I don’t really understand why some think Holloway has been treated badly. He will have been given targets/metrics at the beginning of the season, accepted them, and he and Les will know how he did against them. Football manager is one of the least secure jobs in the world, he walks away with the rest of his contract paid up, which is more than 99% of people who get made redundant get.
So what if he wanted to stay and have a longer contract? I would like a pay rise, a promotion and a generous early retirement package, but I’m not going to get them, and I’ve put 17 years in.
Stability? We have stability regardless of manager - we are a club with a salary cap, which buys cheap, sells wherever possible at slightly less cheap, and tries to turns kids into professionals. Part of the ‘philosophy’ is a style of football which presumably we can see in the teams that Ramsey oversees, but which seems to collapse, along with ‘stability’ of team selection, when it gets to the first team.
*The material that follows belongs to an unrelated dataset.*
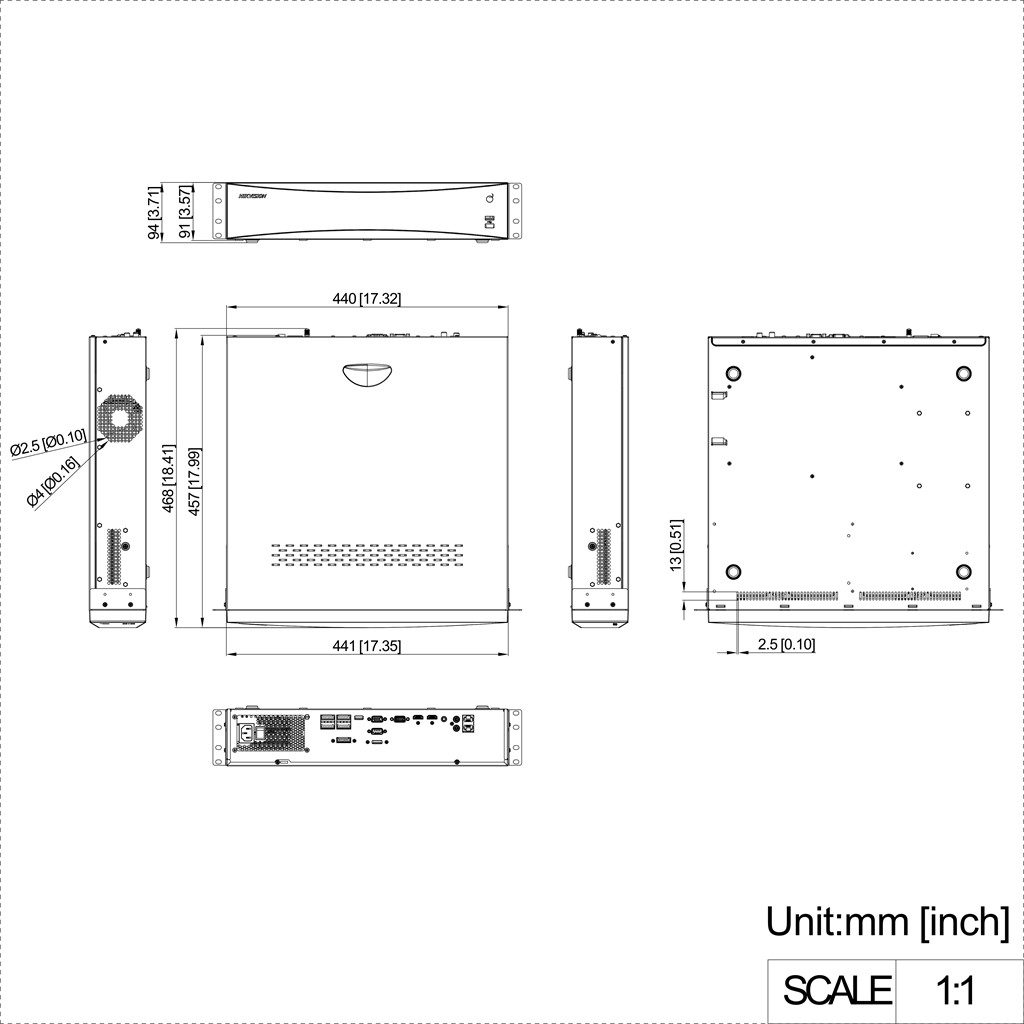 Kích thước đầu ghi Hikvision DS-8616NXI-K8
It seems to me that the prime reason for discomfort about this is sentimentality - Holloway is a nice bloke and an R. Which is fair enough, sentimentality is the only reason I spend any time on QPR. But I’m pretty sure that if we had kept JFH and he delivered exactly the same results (26 wins out of 80 games, 10 clean sheets) everyone would have been baying for his blood. Holloway’s highly emotional sentimentality is a weakness in this job.
Judging by what C Whittingham has written, Holloway is an unhappy man, not his old eccentric self, given to rambling and incoherent outbursts. Perhaps the club is doing him a favour.
Just noticed that Col has said this much more clearly.